Time is relative, not a universal constant, like the one by Planck, as we first thought. Einstein says, in simplest terms, that time slows down the faster you go. This naturally brings us to the Twin Paradox, where one stays on earth and the other one goes to space at the speed of light then comes back. Who is older? The one on earth will be older because the time for the one in space would have moved slower. So how could one twin be much older? That's the paradox.
Hundreds of years before space travel, a tale is told about a boy who vanished for many years, but to him it was only a few days. The story of the young fisherman Urashima Taro was a famous story with many versions in Ancient Japan. Taro rescues a sea turtle, who would later reward him by taking him to the Dragon Palace of the Sea King. There he met and fell in love with the Sea Princess, Otohime Sama, and they got married.
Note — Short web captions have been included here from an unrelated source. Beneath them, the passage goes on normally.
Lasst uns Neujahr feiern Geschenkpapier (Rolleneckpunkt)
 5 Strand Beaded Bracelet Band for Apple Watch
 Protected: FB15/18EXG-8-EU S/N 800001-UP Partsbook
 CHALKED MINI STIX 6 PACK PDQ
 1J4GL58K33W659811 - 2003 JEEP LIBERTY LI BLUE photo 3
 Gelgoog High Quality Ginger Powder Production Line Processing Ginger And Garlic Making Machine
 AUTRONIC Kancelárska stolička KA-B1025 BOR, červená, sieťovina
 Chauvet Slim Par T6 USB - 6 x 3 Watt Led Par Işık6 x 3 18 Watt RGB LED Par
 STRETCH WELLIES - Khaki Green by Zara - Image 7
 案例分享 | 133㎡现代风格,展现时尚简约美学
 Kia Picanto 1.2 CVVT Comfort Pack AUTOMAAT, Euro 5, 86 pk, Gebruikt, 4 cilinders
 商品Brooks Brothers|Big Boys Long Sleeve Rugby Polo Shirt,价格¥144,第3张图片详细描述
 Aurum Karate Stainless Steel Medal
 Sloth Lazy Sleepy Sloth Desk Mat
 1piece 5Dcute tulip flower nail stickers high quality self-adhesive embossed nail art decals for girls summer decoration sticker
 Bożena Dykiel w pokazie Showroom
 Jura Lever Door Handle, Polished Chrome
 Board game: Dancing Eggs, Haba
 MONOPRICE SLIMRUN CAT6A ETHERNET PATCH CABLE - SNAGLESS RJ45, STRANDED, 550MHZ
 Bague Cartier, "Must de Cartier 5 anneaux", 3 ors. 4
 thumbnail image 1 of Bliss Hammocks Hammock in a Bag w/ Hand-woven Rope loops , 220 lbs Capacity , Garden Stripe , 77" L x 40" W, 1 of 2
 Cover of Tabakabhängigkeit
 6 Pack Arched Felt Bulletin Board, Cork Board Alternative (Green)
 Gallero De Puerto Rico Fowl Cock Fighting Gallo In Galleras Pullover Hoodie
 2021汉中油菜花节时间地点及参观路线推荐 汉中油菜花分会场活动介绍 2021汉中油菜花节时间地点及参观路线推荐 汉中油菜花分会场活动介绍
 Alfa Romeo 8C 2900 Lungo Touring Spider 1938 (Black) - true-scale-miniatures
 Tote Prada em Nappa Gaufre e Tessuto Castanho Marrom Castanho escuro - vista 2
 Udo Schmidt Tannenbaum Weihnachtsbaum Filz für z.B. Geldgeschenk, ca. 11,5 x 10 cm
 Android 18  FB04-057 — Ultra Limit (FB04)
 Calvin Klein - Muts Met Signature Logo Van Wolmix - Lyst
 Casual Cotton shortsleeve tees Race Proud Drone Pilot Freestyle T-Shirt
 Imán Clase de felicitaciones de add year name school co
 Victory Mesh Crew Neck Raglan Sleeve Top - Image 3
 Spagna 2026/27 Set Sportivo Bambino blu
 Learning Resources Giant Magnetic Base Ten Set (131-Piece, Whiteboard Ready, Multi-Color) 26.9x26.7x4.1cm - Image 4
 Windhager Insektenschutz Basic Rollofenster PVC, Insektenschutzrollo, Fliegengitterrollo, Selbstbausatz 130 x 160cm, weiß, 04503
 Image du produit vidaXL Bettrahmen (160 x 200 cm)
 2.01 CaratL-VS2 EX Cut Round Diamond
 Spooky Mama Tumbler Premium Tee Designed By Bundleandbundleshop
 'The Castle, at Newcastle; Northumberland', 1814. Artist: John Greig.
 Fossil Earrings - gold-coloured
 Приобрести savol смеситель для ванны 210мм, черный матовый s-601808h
He was happy, but soon he felt homesick. He told his wife that he wanted to visit his parents. She reluctantly agreed, and she gave him a sealed box and told him never to open it, which doesn't make any sense at all. And so, Taro went home, but everything was different, and he knew no one, and no one knew him. They told him that a boy named Urashima Taro used to live in his house and he went to the Dragon Palace and was never seen again, but that was three hundered years ago.